Bisnis.com, JAKARTA - Harga komoditas batu bara kontrak Januari 2024 telah mencatatkan penguatan selama empat hari berturut-turut. Harga crude palm oil (CPO) juga menguat didukung oleh kenaikan harga minyak saingannya, penundaan pengiriman Laut Merah, dan para pembeli yang menawar.
Berdasarkan data Bloomberg pada Senin (8/1/2024) Harga batu bara berjangka kontrak Januari 2024 di ICE Newcastle ditutup menguat 0,34% atau 0,45 poin ke posisi US$132 per metrik ton.
Kemudian, kontrak pengiriman Februari 2024 melemah sebesar -0,57% atau -0,75 poin ke level US$129,75 per metrik ton.
Mengutip Reuters, impor batu bara termal seaborne Asia mencapai 83,69 juta metrik ton pada Desember 2023, naik dari 78,87 juta pada November tahun lalu, dan merupakan rekor tertinggi yang dikumpulkan oleh analis komoditas Kpler sejak Januari 2017.
Namun, tingginya permintaan tidak terlalu mempengaruhi harga lantaran Indonesia dan Australia sebagai negara pengirim bahan bakar terbesar terutama untuk menghasilkan listrik, telah mengalami peningkatan ekspor yang besar.
Rekor tersebut dipimpin oleh China, dengan impor batu bara termal seaborne sebesar 32,08 juta ton pada Desember 2023, yang merupakan rekor tertinggi menurut data Kpler dan naik dari 29,57 juta ton pada November 2023.
Adapun, minat China terhadap impor batu bara termal melonjak pada 2023 karena pembangkit listrik tenaga baru bara meningkat di tengah ketika produksi pembangkit listrik tenaga air sedang menurun.
Tak hanya impor, produksi batu bara dalam negeri China juga meningkat dengan produksi pada November 2023 mencapai rekor tertinggi harian sebesar 13,8 juta ton, mematahkan rekor sebelumnya sebesar 13,5 juta ton dibandingkan Maret 2022.

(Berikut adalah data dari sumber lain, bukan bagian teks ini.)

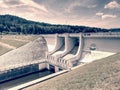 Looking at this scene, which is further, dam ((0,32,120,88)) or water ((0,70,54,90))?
dam ((0,32,120,88))

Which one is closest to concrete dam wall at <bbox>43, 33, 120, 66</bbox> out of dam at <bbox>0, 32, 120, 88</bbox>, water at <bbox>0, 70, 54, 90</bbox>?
dam at <bbox>0, 32, 120, 88</bbox>

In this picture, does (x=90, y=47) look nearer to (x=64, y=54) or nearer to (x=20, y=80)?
(x=64, y=54)

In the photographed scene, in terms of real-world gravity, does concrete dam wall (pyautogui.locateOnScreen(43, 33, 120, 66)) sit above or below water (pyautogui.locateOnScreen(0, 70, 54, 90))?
above

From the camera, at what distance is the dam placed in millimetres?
52959

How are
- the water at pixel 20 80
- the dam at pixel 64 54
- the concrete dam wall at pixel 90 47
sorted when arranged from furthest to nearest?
1. the dam at pixel 64 54
2. the concrete dam wall at pixel 90 47
3. the water at pixel 20 80

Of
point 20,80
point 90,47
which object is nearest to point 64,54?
point 90,47

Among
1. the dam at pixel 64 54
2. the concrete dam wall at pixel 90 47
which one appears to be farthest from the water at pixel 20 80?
the concrete dam wall at pixel 90 47

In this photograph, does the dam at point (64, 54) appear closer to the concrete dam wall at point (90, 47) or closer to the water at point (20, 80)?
the concrete dam wall at point (90, 47)

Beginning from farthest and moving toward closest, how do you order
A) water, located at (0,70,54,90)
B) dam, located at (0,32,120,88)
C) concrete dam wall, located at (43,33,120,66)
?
dam, located at (0,32,120,88) → concrete dam wall, located at (43,33,120,66) → water, located at (0,70,54,90)

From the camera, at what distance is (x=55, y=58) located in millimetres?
61812

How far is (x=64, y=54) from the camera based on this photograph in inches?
2584

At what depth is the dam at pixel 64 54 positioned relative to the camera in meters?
53.0

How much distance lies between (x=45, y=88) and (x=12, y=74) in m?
24.5

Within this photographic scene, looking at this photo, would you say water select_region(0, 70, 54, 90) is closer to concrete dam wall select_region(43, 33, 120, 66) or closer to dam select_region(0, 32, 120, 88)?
dam select_region(0, 32, 120, 88)
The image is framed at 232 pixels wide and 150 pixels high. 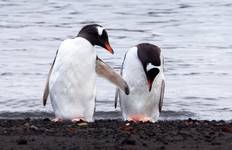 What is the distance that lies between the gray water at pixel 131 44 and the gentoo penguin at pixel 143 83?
0.86m

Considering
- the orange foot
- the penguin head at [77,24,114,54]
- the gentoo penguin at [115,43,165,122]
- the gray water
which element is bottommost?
the gray water

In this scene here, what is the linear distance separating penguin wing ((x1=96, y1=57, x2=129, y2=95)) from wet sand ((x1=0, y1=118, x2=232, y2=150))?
5.02 feet

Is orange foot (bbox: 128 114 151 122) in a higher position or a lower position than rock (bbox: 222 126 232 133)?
lower

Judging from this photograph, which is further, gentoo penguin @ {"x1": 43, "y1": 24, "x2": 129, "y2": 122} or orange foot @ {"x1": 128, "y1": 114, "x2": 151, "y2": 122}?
orange foot @ {"x1": 128, "y1": 114, "x2": 151, "y2": 122}

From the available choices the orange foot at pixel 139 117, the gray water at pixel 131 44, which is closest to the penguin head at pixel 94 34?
the orange foot at pixel 139 117

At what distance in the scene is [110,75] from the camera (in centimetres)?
1180

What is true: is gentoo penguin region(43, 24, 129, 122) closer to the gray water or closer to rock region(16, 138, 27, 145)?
the gray water

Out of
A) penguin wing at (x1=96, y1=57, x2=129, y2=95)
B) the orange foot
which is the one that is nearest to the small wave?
the orange foot

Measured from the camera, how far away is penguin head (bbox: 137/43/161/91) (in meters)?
11.8

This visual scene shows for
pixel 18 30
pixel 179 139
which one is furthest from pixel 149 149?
pixel 18 30

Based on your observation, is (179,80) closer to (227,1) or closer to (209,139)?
(209,139)

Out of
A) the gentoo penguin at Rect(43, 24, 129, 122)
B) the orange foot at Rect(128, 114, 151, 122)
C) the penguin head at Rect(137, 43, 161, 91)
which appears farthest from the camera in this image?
the orange foot at Rect(128, 114, 151, 122)

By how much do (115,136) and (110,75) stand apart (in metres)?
2.82

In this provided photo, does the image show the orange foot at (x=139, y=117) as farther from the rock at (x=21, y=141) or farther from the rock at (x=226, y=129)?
the rock at (x=21, y=141)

Untuk Indonesia, ekspor batu bara termal mencapai 48,05 juta ton pada Desember 2023, terbesar sejak Maret 2022. China mengambil porsi terbesar dengan 20,99 juta ton.
Harga CPO
Harga (CPO) atau minyak kelapa sawit di bursa derivatif Malaysia pada Februari 2024 menguat 5 poin menjadi 3,680 ringgit per metrik ton. Kemudian, kontrak Maret 2024 menguat 12 poin menjadi 3,694 ringgit per metrik ton.
Mengutip Reuters, harga minyak sawit berjangka Malaysia telah menguat selama tiga hari berturut-turut pada Senin (8/1) ditopang oleh pembeli yang menawar dan penundaan pengiriman minyak saingannya, meskipun harga minyak mentah yang lebih lemah membatasi kenaikan.
"Munculnya pembeli yang menawar, ditambah dengan pemulihan yang cepat pada minyak nabati saingannya telah mengangkat harga ke arah yang positif," jelas seorang pedagang yang berbasis di Kuala Lumpur.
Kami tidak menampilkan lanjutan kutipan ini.